With regards to the accommodation claim under the WLAD, plaintiff has the burden of showing that (1) he had a disability, (2) he was qualified to perform the essential functions of his job, (3) the employer had notice of the disability and the limitations it imposed, and (4) upon notice, the employer failed to adopt reasonably available measures to accommodate the disability. See Riehl v. Foodmaker, Inc. , 152 Wn.2d 138, 145 (2004). Plaintiff has not raised a genuine issue of fact regarding the second or fourth elements of his failure to accommodate claim. "Essential functions" are those that are fundamental to filling a particular position, and an employee's timely and reliable presence at the job site may be an essential job function which the employer is not required to waive or alter. Davis v. Microsoft Corp. , 149 Wn.2d 521, 534 (2003). Plaintiff was an assembly installer at the Everett plant, and there is no indication that this job could be performed remotely. Plaintiff was expressly required to maintain acceptable attendance as a condition of his employment and to follow certain procedures if he were going to be absent. He did not do so - most of the time for reasons unrelated to his disability - and was not, therefore, performing an essential job function.
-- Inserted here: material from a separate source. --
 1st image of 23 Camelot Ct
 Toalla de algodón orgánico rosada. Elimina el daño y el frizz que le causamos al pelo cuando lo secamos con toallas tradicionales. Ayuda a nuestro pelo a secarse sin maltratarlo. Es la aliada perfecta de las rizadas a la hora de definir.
Plaintiff appears to be arguing that he should be permitted to take time off or leave early whenever his cervical strain caused pain, without regard to the policies and procedures leave. An employer need not, however, waive its attendance policies simply because an employee has a disability. Samper v. Providence St. Vincent Med. Ctr. , 675 F.3d 1233, 1239-40 (9th Cir. 2012). In this case, the evidence shows that Boeing did accommodate the limitations and restrictions identified by plaintiff's doctors and granted FMLA leave whenever a properly submitted and supported request was made. There is no indication that plaintiff's cervical strain prevented him from following Boeing's attendance policies, and it was that failure which resulted in his termination. No additional accommodation was needed.

For all of the foregoing reasons, defendant's motion for summary judgment (Dkt. # 42) is GRANTED in part and DENIED in part. Plaintiff's WLAD claims fail as a matter of law and are hereby DISMISSED. The WFLA claim may proceed.